TRIBUNTRAVEL.COM - Hujan deras melanda Solo cukup lama, Selasa (11/8/2020).
Fenomena ini pun menjadi rasan-rasan warga Solo, karena hujan turun di masa kemarau.
Benarkan musim penghujan kembali datang?
Fenomena hujan ini, menurut BMKG, terjadi di Yogyakarta dan Jawa Tengah.
Berdasarkan hasil pemutakhiran citra radar cuaca di wilayah DIY, Badan Meteorologi Klimatologi dan Geofisika (BMKG) Yogyakarta mengatakan hujan dengan intensitas ringan terjadi di sebagian besar area Kulon Progo, Sleman, Kota Yogyakarta serta Bantul dan Gunungkidul bagian utara.
"Intensitasnya sedang ringan yakni 15-40 mm. Ini biasa terjadi di sela musim kemarau," jelas Kepala BMKG Stasiun Geofisika Sleman, Agus Riyanto dikonfirmasi.
Agus menjelaskan, kondisi demikian diprakirakan akan bertahan selama satu hingga dua hari ke depan.
Sebabnya, terdapat gangguan cuaca yang bersifat sementara dikarenakan adanya konvergensi atau perlambatan kecepatan arah angin di wilayah Jawa.
"Diperkirakan hanya bertahan 1 - 2 hari saja.
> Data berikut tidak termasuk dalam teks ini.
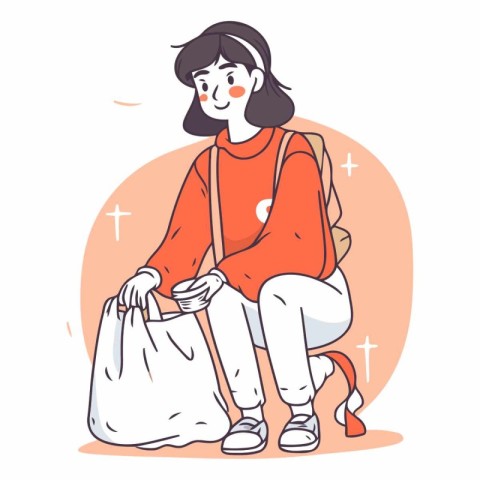 Vector illustration of a girl in a red jacket with a bag.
Ini hanya gangguan cuaca sesaat akibat konvergensi (belokan dan perlambatan kecepatan angin) di wilayah Jawa," terangnya.
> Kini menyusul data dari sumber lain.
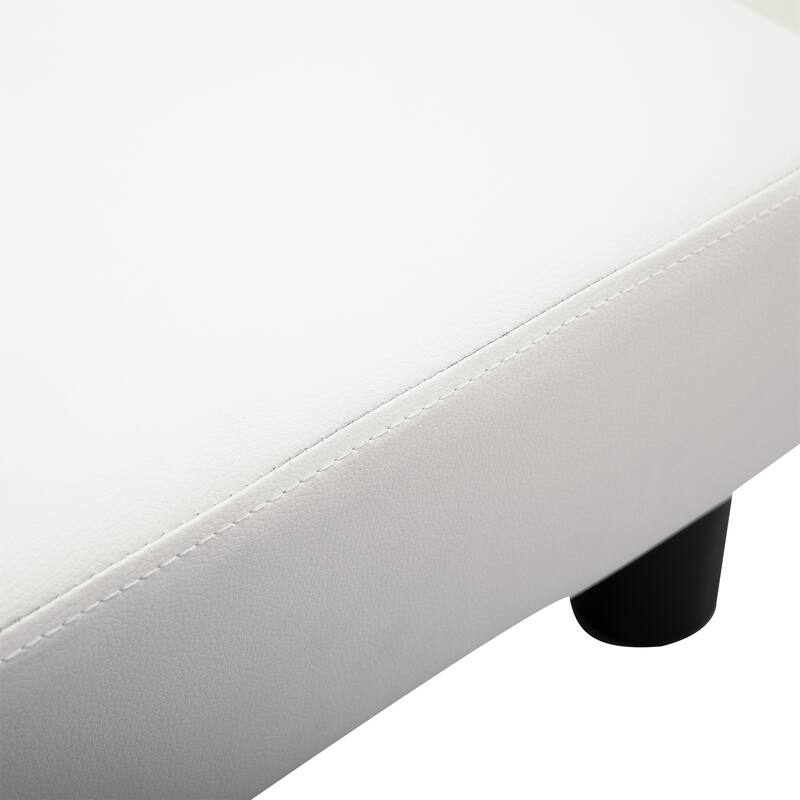 HOMCOM Modern Faux Leather Upholstered Rectangular Ottoman Footrest with Padded Foam Seat and Plastic Legs, Bright White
Sebelumnya, BMKG Stasiun Klimatologi DIY menyebut dalam 2-3 hari ke depan, suhu minimum di wilayah DIY pada malam hingga pagi hari mencapai 20-22 Celcius.
Sedangkan, siang hari suhu maksimum mencapai hanya berkisar 29-31 Celcius.
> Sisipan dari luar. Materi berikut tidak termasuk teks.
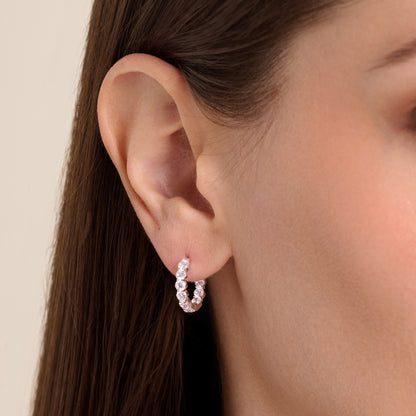 Wide Shared Prong Hoop Earrings in 14K White Gold | Monte Luna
Kepala kelompok data dan informasi Stasiun Klimatologi DIY, Etik Setyaningrum mengatakan, jika suhu dingin dan kering yang dirasakan oleh sebagian besar masyarakat saat ini merupakan dampak dari intrusi atau bertiupnya angin yang berasal dari Australia (monsoon dingin Australia).
"Di mana saat ini di benua Australia sedang memasuki musim dingin.
Intrusi angin dingin (monsoon dingin Australia) yang berasal dari Australia ini berdampak pada temperatur yang terasa dingin terutama di wilayah bagian selatan Indonesia termasuk Jogja," ujar Etik.
Intrusi angin dingin Australia ini di samping sifatnya dingin juga bersifat kering karena kandungan uap air sangat rendah. Sehingga, pertumbuhan awan saat ini juga sangat kecil terjadi.
"Dengan kurangnya tutupan atau pembentukan awan, berdampak pula pada radiasi balik bumi ke atmosfer dengan cepat keluar dari bumi, akibatnya temperatur di bumi menjadi cepat dingin," sambung Etik.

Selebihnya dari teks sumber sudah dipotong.